Material provided:
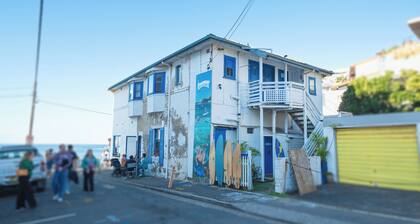 Beachfront Retreat in Manly + Parking Available
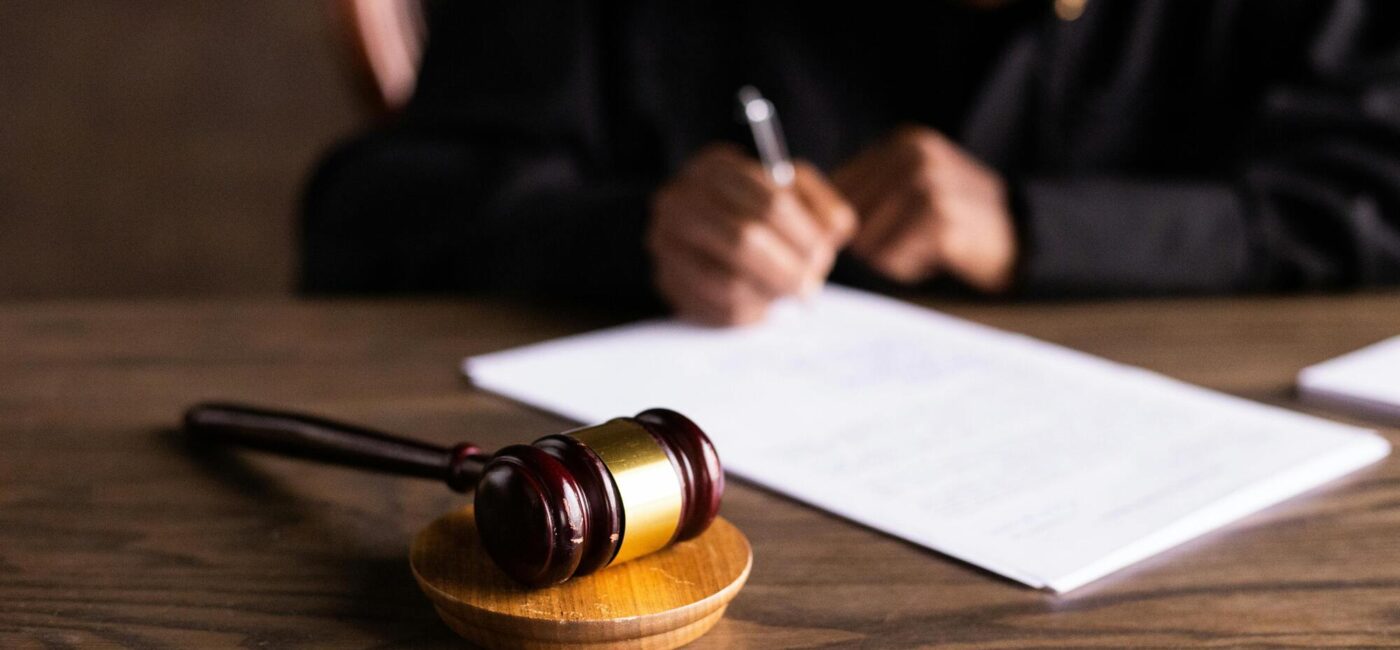 Medidas cautelares: cómo pueden perjudicarte si caen en malas manos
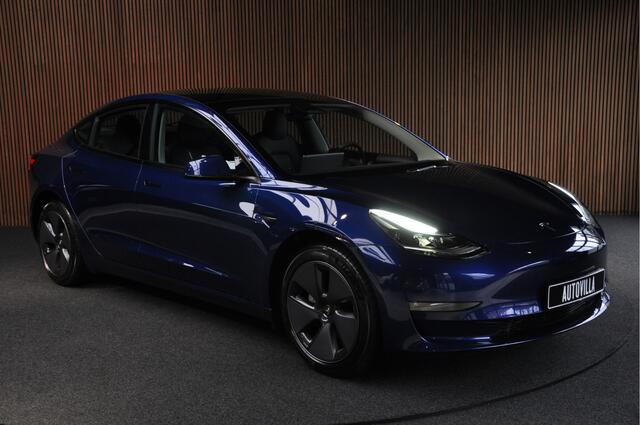 Tesla Model 3 Long Range AWD 78 kWh Autopilot ACC Stuurverw. PDC Leer Navi Panoramadak 360° Elektr. achterklep Stoelverwarming voor & achter Climate voor & achter LM velgen BTW auto! Nieuw!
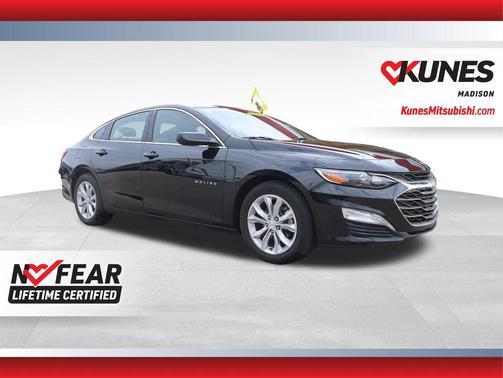 Mosaic Black Metallic 2023 Chevrolet Malibu FWD 1LT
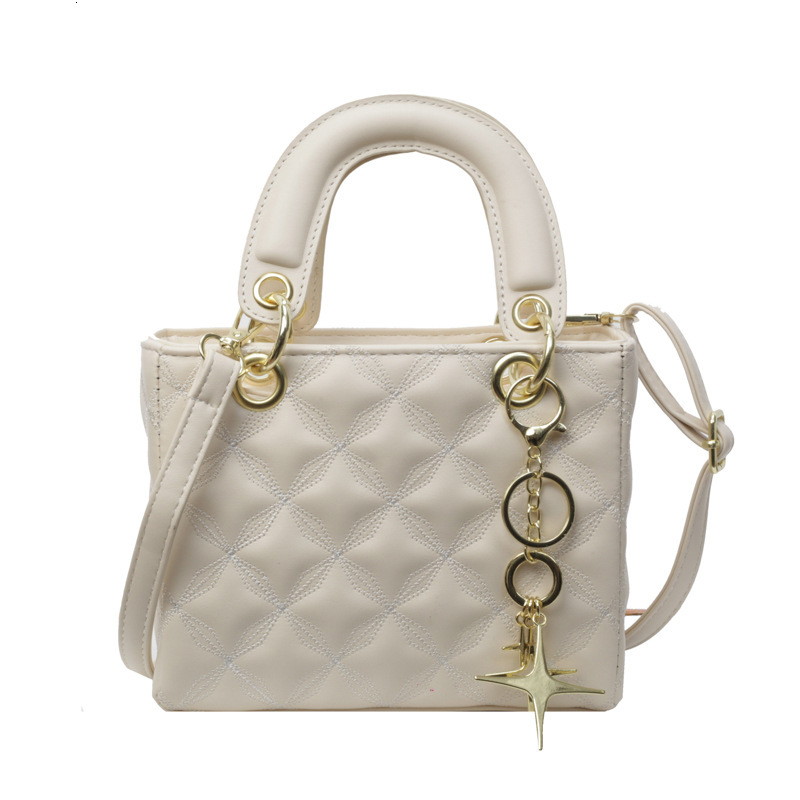 Niche Design Handbag Princess Diana Style Women 2025 New High-end Fashion Quilted Shoulder Bag Versatile Crossbody Bag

What needs to be done: For this exercise, return the data above exactly and leave every picture out.

Answer section:
 Beachfront Retreat in Manly + Parking Available
 Medidas cautelares: cómo pueden perjudicarte si caen en malas manos
 Tesla Model 3 Long Range AWD 78 kWh Autopilot ACC Stuurverw. PDC Leer Navi Panoramadak 360° Elektr. achterklep Stoelverwarming voor & achter Climate voor & achter LM velgen BTW auto! Nieuw!
 Mosaic Black Metallic 2023 Chevrolet Malibu FWD 1LT
 Niche Design Handbag Princess Diana Style Women 2025 New High-end Fashion Quilted Shoulder Bag Versatile Crossbody Bag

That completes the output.